42. Appendix 1 – DPDK Configuration

Wanguard 8.4 is compatible with DPDK 24.11 running on Ubuntu 18+, Debian 10+, and Rocky/AlmaLinux 8+. The code is currently optimized for the Broadwell microarchitecture and runs on all Intel microarchitectures from Sandy Bridge onward (Ivy Bridge, Haswell, Broadwell, Skylake, etc.), as well as AMD Zen processors. Consult the comparison table in Choosing a Method of DDoS Mitigation for other DPDK limitations.

42.1. DPDK Installation

To use DPDK 24.11, follow the installation guide from https://www.dpdk.org and reserve at least 8 x 1GB hugepages for best performance. For reference:

Install packages required for building DPDK:

[root@localhost ~]# apt install build-essential meson ninja-build libpcap-dev libnuma-dev python3-pyelftools

If you use a Mellanox or NVIDIA network card, install the OFED driver driver first:

[root@localhost ~/MLNX_OFED_LINUX]# ./mlnxofedinstall --add-kernel-support --dpdk

Download and build the latest version of the stable DPDK 24.11 branch:

[root@localhost ~]# wget https://fast.dpdk.org/rel/dpdk-24.11.1.tar.xz
[root@localhost ~]# tar xf ./dpdk-24.11.1.tar.xz
[root@localhost ~]# cd dpdk-24.11
[root@localhost ~/dpdk-24.11]# meson build
[root@localhost ~/dpdk-24.11]# ninja -C build
[root@localhost ~/dpdk-24.11]# ninja -C build install

Configure the OS to reserve 1GB hugepages. Edit /etc/default/grub to pass these options to the kernel:

default_hugepagesz=1G hugepagesz=1G hugepages=8

Update grub and create a mount point:

[root@localhost ~]# update-grub
[root@localhost ~]# mkdir /mnt/huge
[root@localhost ~]# mount -t hugetlbfs pagesize=1GB /mnt/huge

To make this mount permanent, add the following line to /etc/fstab:

nodev /mnt/huge hugetlbfs pagesize=1GB 0 0

Reboot and verify the hugepage configuration and driver status:

[root@localhost ~]# ~/dpdk-24.11/usertools/dpdk-hugepages.py --show
[root@localhost ~]# ~/dpdk-24.11/usertools/dpdk-devbind.py --status

Mellanox or NVIDIA NICs don’t require special binding for DPDK, but other NICs do:

[root@localhost ~]# modprobe vfio-pci
[root@localhost ~]# ~/dpdk-24.11/usertools/dpdk-devbind.py -b vfio-pci <pci_id> #replace <pci_id> with the number shown in the first column from the --status output

Finally, check port status via dpdk-testpmd, to confirm that DPDK recognizes and manages the interfaces:

[root@localhost ~]# dpdk-testpmd -c 0xff -- -i
testpmd> show port info all

42.2. Application Workflow

The architecture is depicted in the diagram below, illustrating a specific scenario with: 2 I/O RX lcores and 2 I/O TX lcores, handling packet I/O for 4 NIC ports (2 ports per I/O lcore), 2 Distributor lcores, and 6 Worker lcores for CPU-intensive tasks.
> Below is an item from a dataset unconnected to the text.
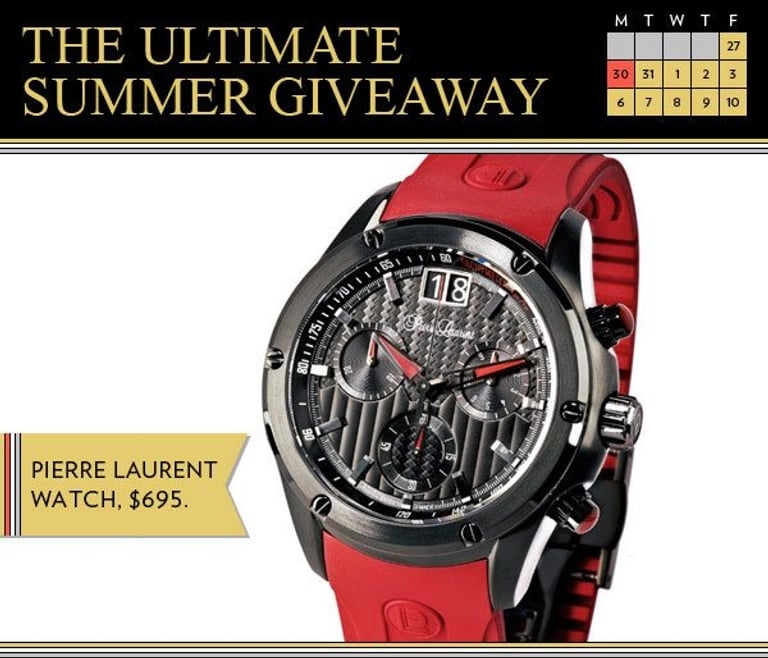 Enter to win a $695 watch from Pierre Laurent!
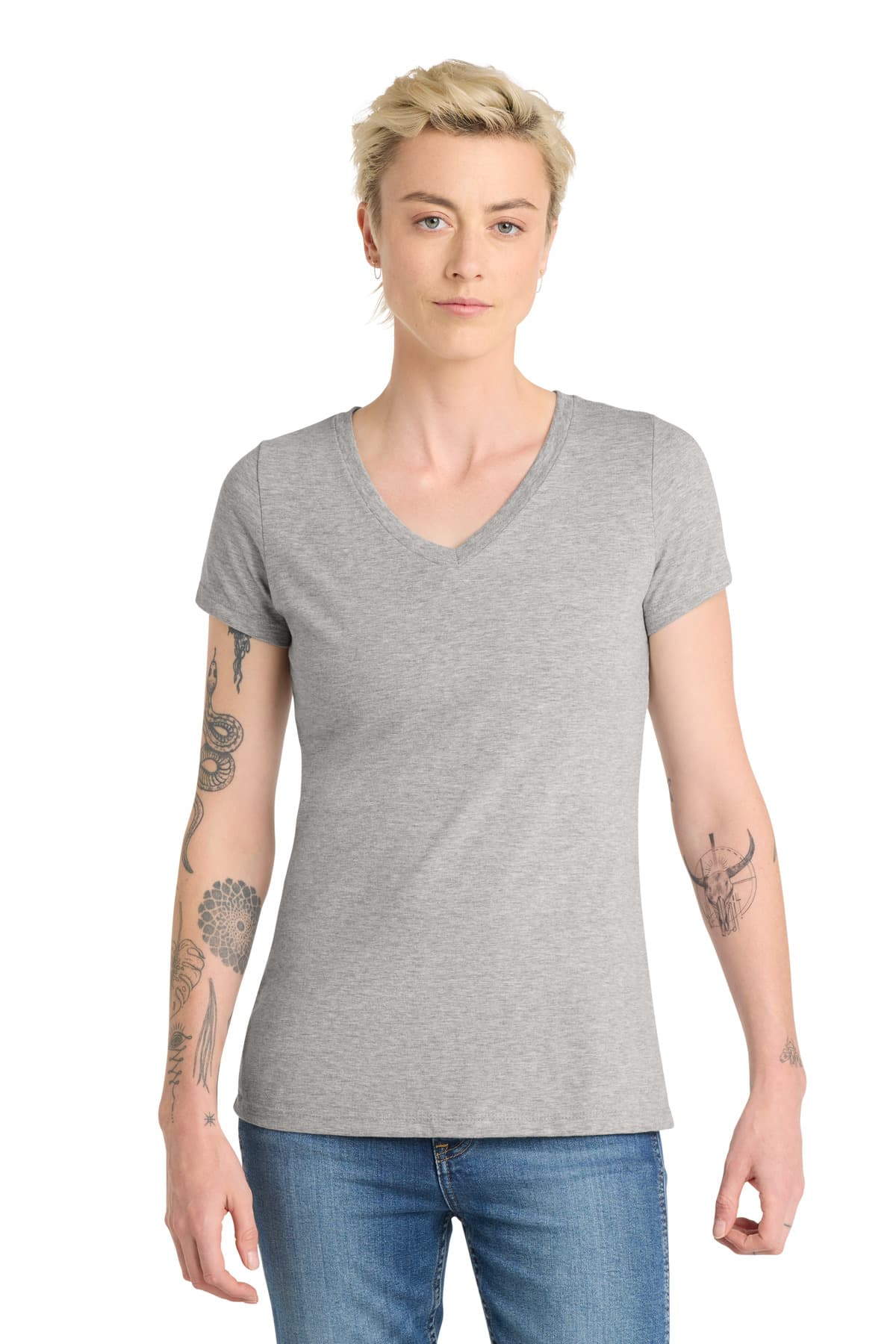District ® Women's Very Important Tee ® V-Neck. DT6503 thumbnail 3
10000000000018450000099F904BCF07F884E1B4_png

I/O RX Lcore receives packets from the assigned NIC RX ring(s) and dispatches them to one or more Distributor lcores (logical CPU cores).

Distributor Lcore reads packets from one or more I/O RX lcores, extracts packet metadata, possibly applies the Dataplane firewall functionality, then sends metadata to one or more Worker lcores.

Worker Lcore performs heavier CPU tasks like traffic analysis and attack detection.

I/O TX Lcore handles packet TX for a predefined set of NIC ports. Packets are forwarded in batches of at least 4, causing high latency (>50 ms) if only a few packets/s are forwarded. At thousands of packets/s, latency drops under 1 ms.

A single Master Lcore is used to aggregate data from the workers.

42.3. DPDK Capture Engine Options

DPDK Driver – If using a Mellanox/NVIDIA NIC, select the second option; otherwise, pick the first one
EAL Options – A mandatory parameter. Consult the DPDK Getting Started Guide or the Configuration Example below for details
RX Parameters – A mandatory parameter specifying NIC RX ports/queues for I/O RX lcores, thus defining the set of I/O RX lcores. Syntax: “(PORT,QUEUE,LCORE)..”
Distributor Mode – Choose the algorithm for dispatching packets from RX to the Distributor lcores:
Round Robin – Evenly shares load across Distributor lcores. Best option if packets are not forwarded
Receive Side Scaling (RSS) – All packets with the same RSS go to the same Distributor lcore. Best for forwarding; preserves packet order
Custom – Manually assign Distributor lcores per RX port. In that case, the RX Parameters syntax is “(PORT,QUEUE,LCORE,DISTRIBUTOR_LCORE)..”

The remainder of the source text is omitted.